Monologue (Damaged Roots, 2017)

It’s common for people who grew up across and between cultures to wonder who they would have been if they hadn’t moved. I have often wondered if I would be different if I had never left my home city, if I had stayed and taken part in all the rituals and rites of passage of a more traditional, monocultural life. Would I feel happy and settled, or would I still be as restless as I am?

The Other Me

I’ve thought about her a lot over the years. Sometimes she is exactly where I left her, perched on the windowsill of that second floor apartment, dusty net curtains pushed aside, watching with fascination the boys and girls in their white dresses and robes in the Holy Communion procession. She can’t wait until it’s her turn to wear the white dress and white shoes with little heels, but most of all she wants to wear the flower wreath with the veil. She wants to scatter flower petals out of a little basket. She presses her nose against the glass, counting how many years she has to wait: Four or five. Too long!

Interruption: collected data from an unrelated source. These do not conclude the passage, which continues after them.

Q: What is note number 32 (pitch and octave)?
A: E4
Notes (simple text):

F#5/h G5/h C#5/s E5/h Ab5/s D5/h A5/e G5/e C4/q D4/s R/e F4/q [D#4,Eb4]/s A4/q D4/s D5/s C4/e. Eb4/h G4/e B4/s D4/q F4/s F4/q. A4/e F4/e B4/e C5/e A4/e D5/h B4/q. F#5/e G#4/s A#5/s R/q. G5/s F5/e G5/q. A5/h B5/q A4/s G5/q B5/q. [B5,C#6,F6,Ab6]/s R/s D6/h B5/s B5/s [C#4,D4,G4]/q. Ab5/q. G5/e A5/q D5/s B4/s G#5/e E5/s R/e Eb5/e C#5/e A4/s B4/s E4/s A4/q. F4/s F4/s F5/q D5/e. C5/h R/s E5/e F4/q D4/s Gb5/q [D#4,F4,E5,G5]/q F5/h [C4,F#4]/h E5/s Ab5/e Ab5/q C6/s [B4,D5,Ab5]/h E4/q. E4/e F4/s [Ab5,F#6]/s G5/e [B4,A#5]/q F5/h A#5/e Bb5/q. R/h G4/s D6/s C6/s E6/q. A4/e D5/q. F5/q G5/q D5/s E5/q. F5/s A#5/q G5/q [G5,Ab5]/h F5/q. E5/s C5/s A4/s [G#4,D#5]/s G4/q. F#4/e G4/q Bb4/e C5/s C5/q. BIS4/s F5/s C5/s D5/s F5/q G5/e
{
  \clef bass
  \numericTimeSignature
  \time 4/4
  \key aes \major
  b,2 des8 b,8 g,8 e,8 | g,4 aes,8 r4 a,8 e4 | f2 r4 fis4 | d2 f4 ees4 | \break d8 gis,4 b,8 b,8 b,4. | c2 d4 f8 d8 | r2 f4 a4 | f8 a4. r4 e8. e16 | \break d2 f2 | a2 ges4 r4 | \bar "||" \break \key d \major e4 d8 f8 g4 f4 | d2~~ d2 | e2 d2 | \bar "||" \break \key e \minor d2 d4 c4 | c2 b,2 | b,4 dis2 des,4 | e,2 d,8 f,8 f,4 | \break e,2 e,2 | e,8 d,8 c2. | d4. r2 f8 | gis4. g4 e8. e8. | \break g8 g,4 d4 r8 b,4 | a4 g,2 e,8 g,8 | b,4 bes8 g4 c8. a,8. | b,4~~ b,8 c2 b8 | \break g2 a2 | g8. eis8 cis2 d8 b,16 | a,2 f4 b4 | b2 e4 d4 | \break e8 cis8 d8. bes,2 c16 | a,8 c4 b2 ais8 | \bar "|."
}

A lot can happen.

Other times she’s older and walking to school. This is already after… you know… so I can’t picture her that clearly. She looks like someone who maybe doesn’t have that much money and there’s really nothing interesting or unique about her appearance, but she looks perfectly happy the way she is. She crosses the street and enters the park and I know she is a whole person, with nothing missing or out of place.

I find it even harder to picture her later in her life. There are too many possibilities, too many questions. What became of her? Who is she, this other me? The me that stayed, was never pulled from the earth. Was there ever a time when I stood at the crossroads and I was both me and her at the same time? Then, when I left, she stayed behind and now here I am, in another dimension, wandering around like a restless phantom, searching the world for answers. Or is she the phantom, hovering just outside my peripheral vision, walking behind me, tapping me on the shoulder and then disappearing. She whispers in my ear, ‘It’s not too late, you know,’ she says. ‘Whenever you lose something, all you have to do is retrace your steps and you’ll find it eventually.’ But I ignore her because I’ve grown accustomed to travelling on roads that lead to places, not times.

 

Over the past couple of years I’ve been working on a solo performance project about my journey to understanding home and belonging as a TCK. It’s taken SO long but I just couldn’t figure out how to tell the story on stage. The project has gone through countless possible incarnations in my mind and on paper but it is now – finally – nearly there. I’m so excited. I’m tired of writing – I can’t wait to start rehearsing! I’ve written so much material that I won’t be using, so I’ve decided to publish some of it here. Monologues, poems, vignettes , fragments of a fragmented identity. I would love to know your thoughts.